Pour faire une comé­die, musi­cale ou non, il faut du comique : la pré­sence, invi­sible car elle ne quitte pas sa chambre, de la grand-mère cen­te­naire de l’actuel patron. Mariée à quinze ans, au moment de la fon­da­tion du café, à un homme de soixante-cinq ans qui par­ti­ci­pa à la bataille de Water­loo, elle en aura connu trois autres, l’un tué en 1870, un autre à Mada­gas­car en 1897 et le der­nier sur la Marne en 1915. Tous ces glo­rieux deuils, pas plus que son grand âge, ne l’empêchent de res­ter por­tée sur le guille­dou, pen­chant que des cir­cons­tances excep­tion­nelles et dignes d’une comé­die de Plaute vont lui per­mettre de satisfaire.

Les cir­cons­tances excep­tion­nelles : la pré­sence simul­ta­née dans l’établissement d’un loca­taire, un peu mys­té­rieux, de l’unique chambre à louer, qui a failli être fusillé comme otage après un atten­tat contre une voi­ture alle­mande mais res­sur­git alors qu’on le croyait mort et sur­tout qu’on vient de relouer la chambre à un jeune offi­cier alle­mand gen­til comme tout, naïf et sin­cère. Il vient d’être affec­té en France comme tra­duc­teur, est enchan­té de décou­vrir ce pays dont il parle si bien la langue et ne demande qu’à mieux connaître les Fran­çais. Il pen­sait dis­po­ser d’un petit appar­te­ment mais a trou­vé le local pro­mis réqui­si­tion­né par la Ges­ta­po, prio­ri­taire, et pré­fère une chambre en ville à la piaule de caserne que la Kom­man­dan­tur lui pro­po­sait en compensation.

Il faut cacher l’échappé de la fusillade, d’abord d’urgence pen­dant que l’Allemand défait ses valises et on l’enfouit dans la chambre froide, par­ti­cu­liè­re­ment froide car elle est un peu déré­glée, puis on l’installe dès que pos­sible à demeure dans la chambre de la grand-mère. Laquelle en pro­fite pour satis­faire ses aspi­ra­tions refou­lées, ce d’autant plus faci­le­ment que le mal­heu­reux est cloué au lit par une pneu­mo­nie contrac­tée dans la chambre froide.
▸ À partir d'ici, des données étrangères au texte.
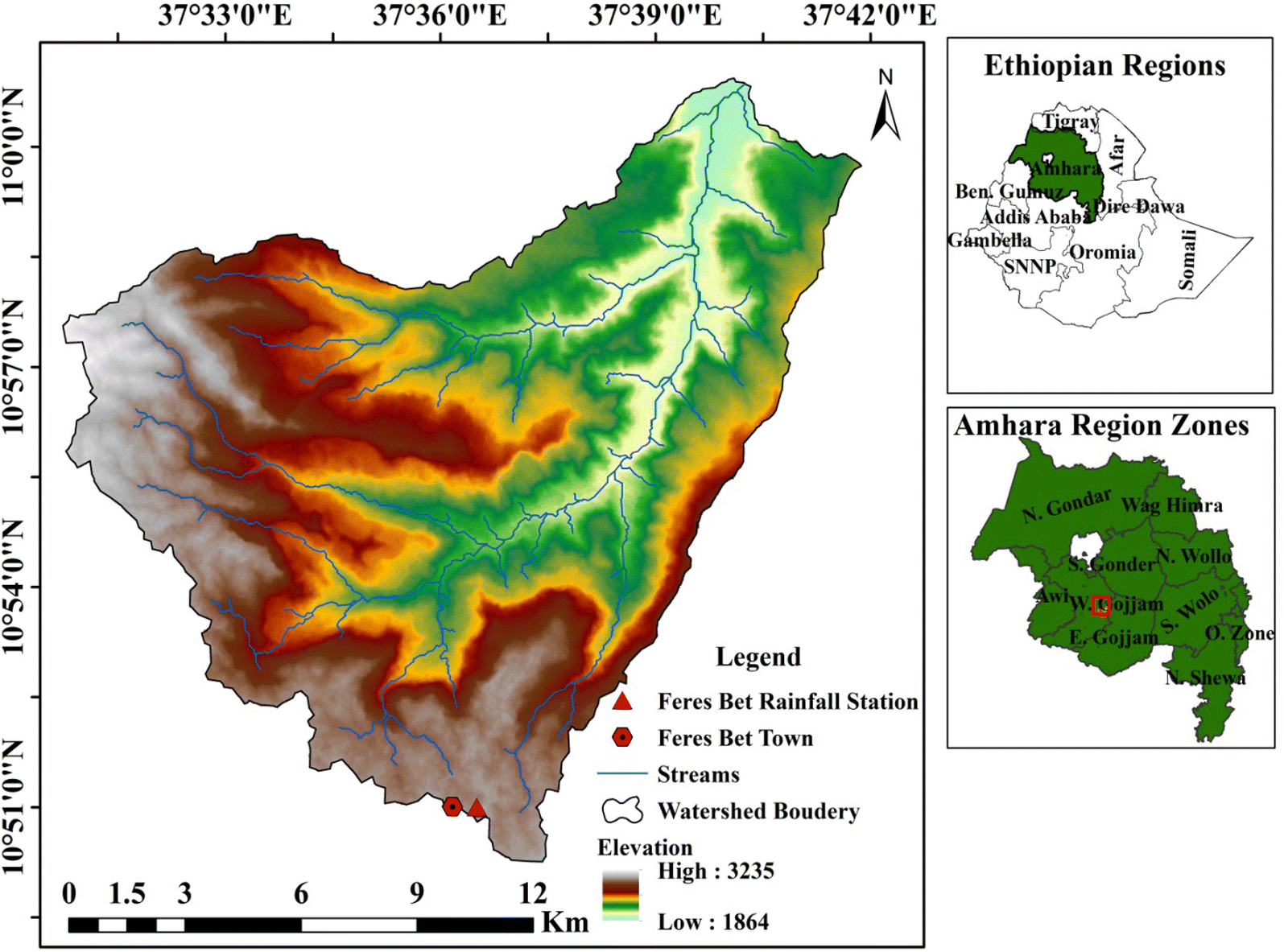 Fig. 1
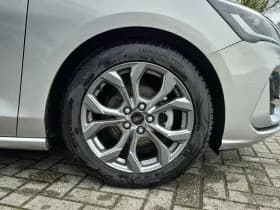 Ford Focus thumbnail 34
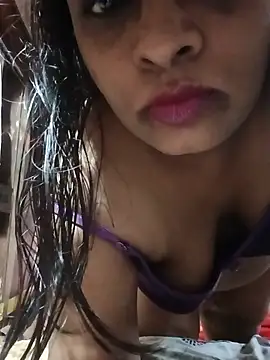 Love Jenny online show from July 2026 07:04:01 AM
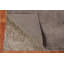 Tapis tribal Gabbeh 8 x 10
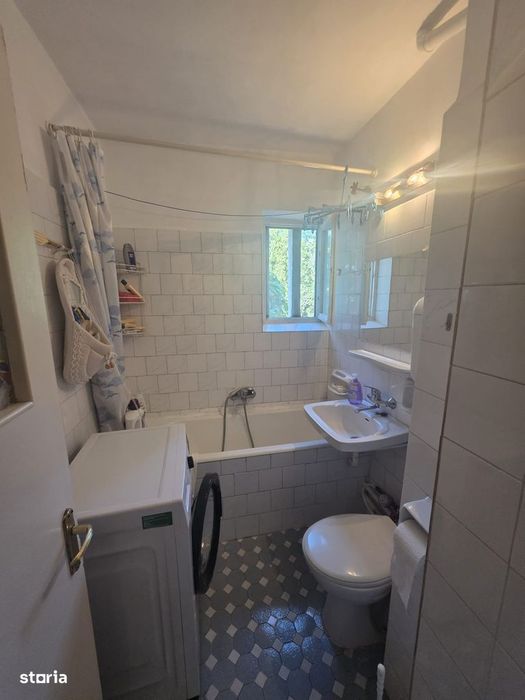 Apartament 2 camere Tomis Nord - Banca Religiilor 90000 euro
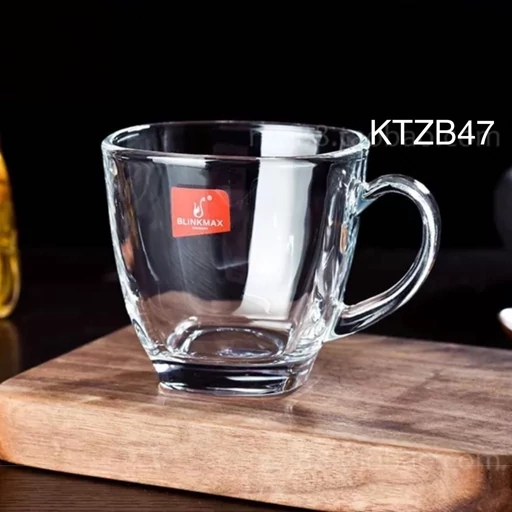فنجان بلینک مکس KTZB47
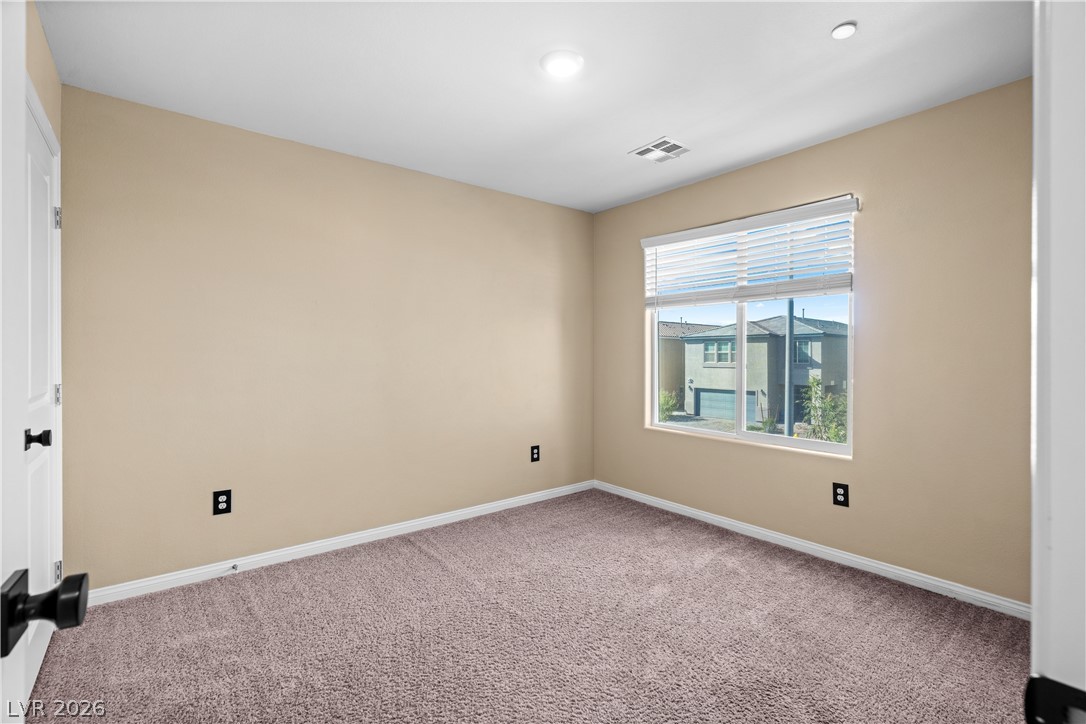 4429 Ginger Hills Avenue Property Photo 28
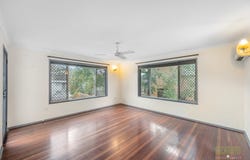 10 Jupiter Street, Telina, Qld 4680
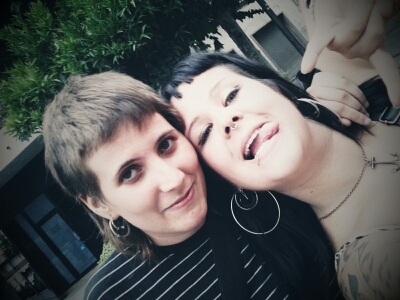 iguipink's profile picture. 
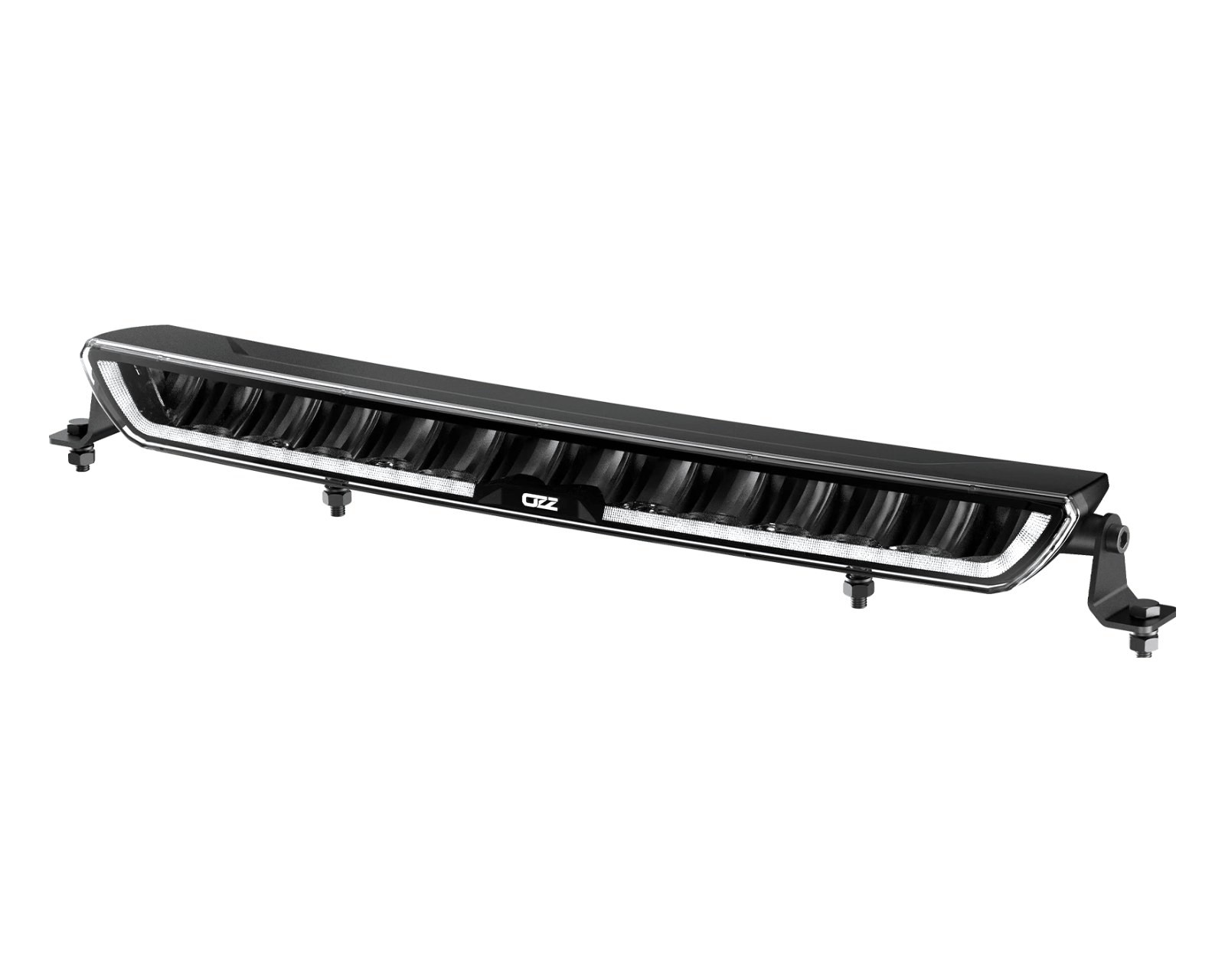 LED bar OZZ XB1 P20″ must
Les jours passent. L’attachante jeu­nesse de Hans l’Allemand, son côté Prince de Hom­bourg téné­breux, émeuvent d’évidence Marie la ser­veuse et Suzy la coif­feuse. Pour sa part, il ne cache pas ses dés­illu­sions, et même son écœu­re­ment de sol­dat face aux tâches qui lui sont confiées : tra­duire les lettres ano­nymes de dénon­cia­tion qui par­viennent à la Kom­man­dan­tur ! Là, l’auteur exa­gère peut-être un peu : il y en avait certes, mais sans doute moins qu’il ne le laisse sup­po­ser. Tou­jours est-il qu’Hans vou­drait bien, par poli­tesse, ren­con­trer la grand-mère. Il est hors de ques­tion de lui don­ner accès à la chambre de l’aïeule. Et on ne peut pas remettre sans cesse cette ren­contre ; cela fini­rait par deve­nir suspect.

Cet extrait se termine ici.